WhiteMischief (1982) is an airport book that has attracted a readership of vacationers
to Kenya over many years – and presumably, will continue to do so. In 1941 Nairobi
made international news for the murder of Joss Hay, the 22nd Earl of
Erroll, the first subject in Scotland after the Royal Family, at the age of 39.
Fox
provides an historical account of the twenty-year period leading up to the
murder, the night of the fatality, the trial of suspect Sir John Broughton and his
acquittal, and the author’s years of investigative journalism to discover the
truth.
From
the 1920s, Fox describes the heady two decades of life in Wanjohi Valley - “Happy
Valley” - 100 kilometres from Nairobi, the capital of Kenya. It was the height of
colonial class privilege and bad behaviour, with excesses at every level of
life – alcoholic, drug-induced, financial, and sexual excesses, where love and
love affairs had no boundaries and where both single and married men and women had
no discretion, only flamboyance and infidelity. And in the heat and altitude,
colonials – the white mischief – suffered “debility, irritability, even nervous
breakdown.”
In
the “supremely beautiful landscape” among beautiful people, Joss Hay was
considered particularly beautiful. He was a handsome man with pale gold hair and
a charm irresistible to women. He had married Lady Idina Gordon in 1923, the founding
inspiration of Happy Valley – it was her third marriage and she was infamous
for her own outrageous scandals. They divorced in 1929, and Joss Hay was free
for future marriages and dalliances.
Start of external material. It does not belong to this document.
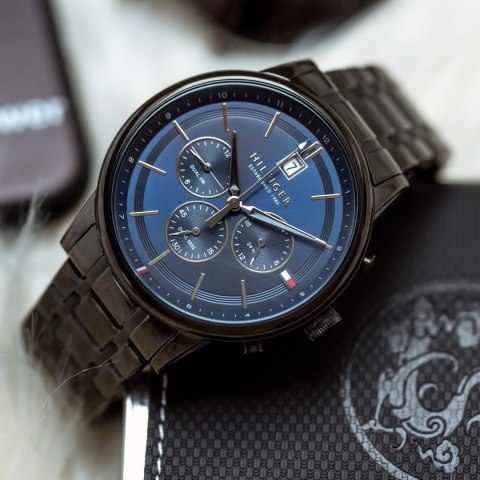 ZEGAREK MĘSKI TOMMY HILFIGER 1791633 KYLE (zf049b)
He remained in Kenya and married Molly who
died from a heroine overdose in 1939, so he continued to have a serious affair
with a married woman (given an alias in the book) and an open romance with Diana
Caldwell, the wife of John Broughton – his best friend. But he also remained
friendly with a series of “discarded mistresses.”
Hay’s
lover’s husband – John Broughton – was the prime suspect, placed on trial, and
acquitted. Fox details the trial, but it only provided a list of unanswered
questions and theories. On the fateful night, friends and lovers were holidaying
in a large house on the road between Karen (named after Baroness Karen Blixen,
Danish author of “Out of Africa”) and Nairobi. At 3:00am Hay’s Buick ran off
the road. His body was found wedged on the floor beneath the steering wheel
with a bullet hole through his ear. The bullet had travelled “in a straight
line from ear to ear” right through his brain.
The
book concludes in 1981 with the author’s interview with two witnesses who never
took the stand during Broughton’s trial – two 15-year old girls. What did they
see? What did they know? After so many years, what did it matter?